Seattle police arrested 23 people at Cal Anderson Park in Capitol Hill Saturday, where Mayday USA — a Christian group with staunchly anti-trans beliefs — was holding a rally as part of its national “#Dontmesswithourkids” tour, according to the Seattle Times.
Protesters of the MayDay rally waving transgender flags began clashing with police almost immediately after gathering around 1 p.m., with officers in riot gear being shoved and soon pelted with water bottles and other items.
Eleven demonstrators were quickly arrested in an “initial scuffle,” police said, with the remainder of the arrests happening over the course of about five heated hours as pepper spray was launched into the crowd as it chanted “Go home, fascists!”
“The Mayday USA rally in Seattle is provocatively being held in the heart of the Queer community,” said organizers of the counter-protest — which they dubbed “Keep Your Bibles Off Our Bodies.”
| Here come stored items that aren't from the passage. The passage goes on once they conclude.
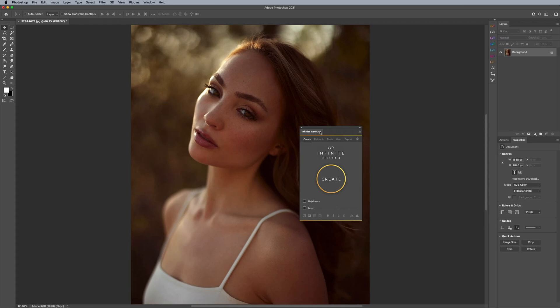Hey everyone, my name is Prateek Naik and I'm an editorial and commercial retoucher. I've been working in the industry for the last 12 years or so, and the most annoying part about the entire retouching process is actually building your workflow and having something that's customizable, doesn't get in the way, and is beautiful to work with. That's why we created Infinite Retouch.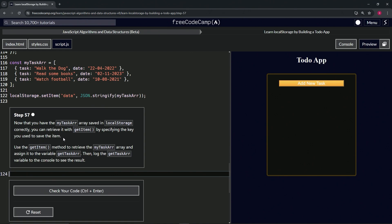We're going to use the getItem method to retrieve the myTaskR array and assign it to the variable getTaskR. Then we'll log the getTaskR variable in the console to see the result.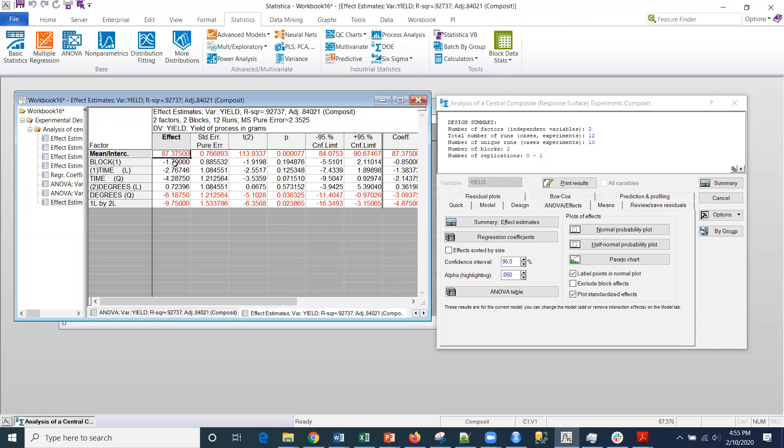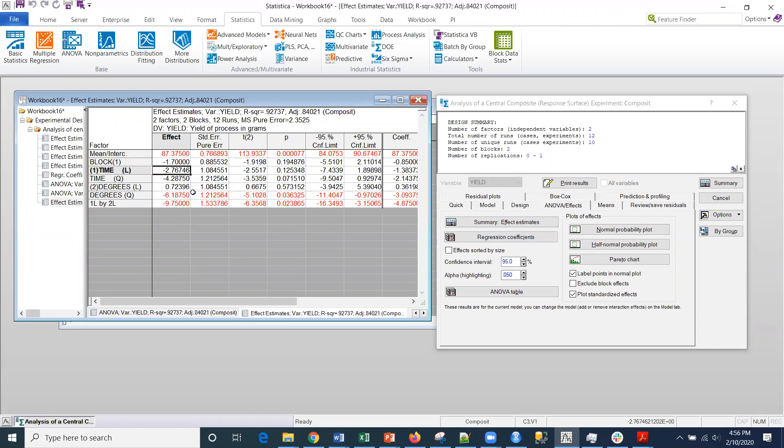If I wanted to basically create a prediction of yield, the yield prediction would be something like 87.4 minus 1.7 X1 minus 2.8. I'm sorry, not 1.7. The X1 is actually 2.7 and then the square term would be 0.72.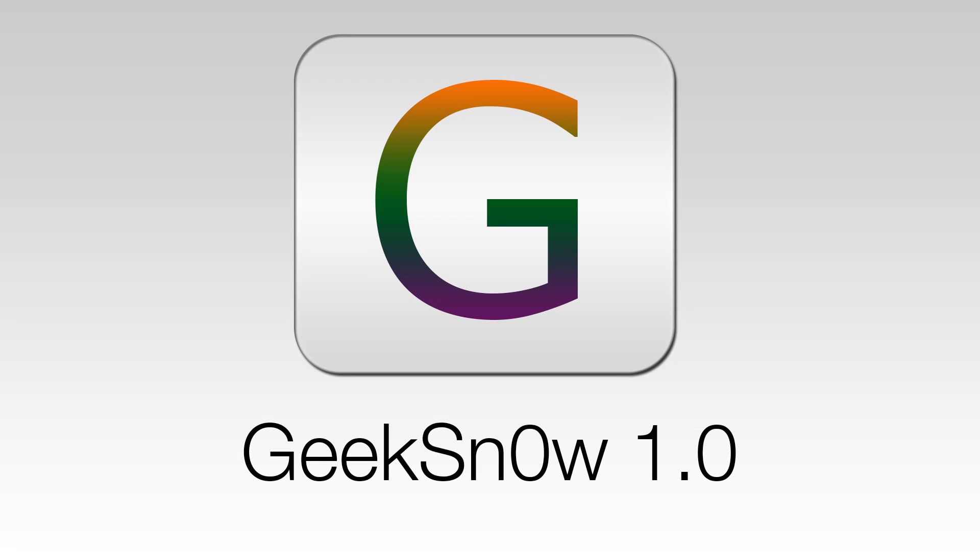Hey what is up guys, in this video I'm going to show you how to easily jailbreak iOS 7.0, 7.0.2 and 7.0.3 using GeekSn0w.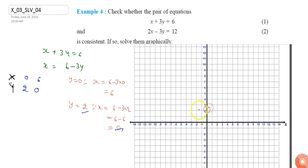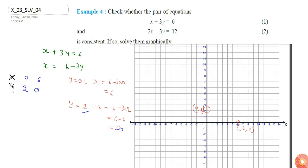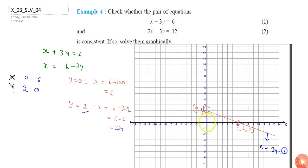The point (0, 2) will be here and the point (6, 0) will be here. Since both points satisfy the given equation x + 3y = 6, by joining both points we can draw the line x + 3y = 6. Now let's take the second equation, which is 2x minus 3y = 12.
The protest’s aim was to fight “fascist family values,” the organizers added, calling Mayday USA’s rally a “well-funded anti-trans, anti-queer event that is led by far-right Christian activists.”
About 500 demonstrators showed up to the “Keep Your Bibles Off Our Bodies” protest, with about as many people participating in the Mayday USA rally, the Times reported.
Seattle Mayor Bruce Harrell seemed to side with the counter-protesters, accusing the “far-right rally” of selecting the city’s historically queer neighborhood as a location “to provoke a reaction by promoting beliefs that are inherently opposed to our city’s values.”
“Anarchists infiltrated the counter-protestors group and inspired violence, prompting SPD to make arrests and ask organizers to shut down the event early, which they did,” he said, adding that he’d ordered his administration to look into the event’s permitting.
But Mayday USA organizers say the only people causing trouble were the counter-protestors — and that they didn’t even want to hold the rally in Capitol Hill to begin with.
“They say we don’t like people. We’re not the ones throwing things. We’re here to love Jesus,” said 58-year-old pastor and Mayday USA spokesperson Folake Kellogg, explaining that they tried to hold the event in a different neighborhood but that the city wouldn’t let them.
Mayday USA said in a statement that it refused “to stand idly by while the children of our nation are indoctrinated by a liberal, political, and sexual agenda that seeks to destroy their God-given identities.”
But counter-protestors characterized the religious group as hypocritical.
“They like to cherry-pick quotes from the Bible. They say they want to protect children from people supposedly bad because of misinformation about trans people,” said 19-year-old protestors Kaitlyn Calkins, who carried a sign reading “The Trump fascist regime must go now!!!”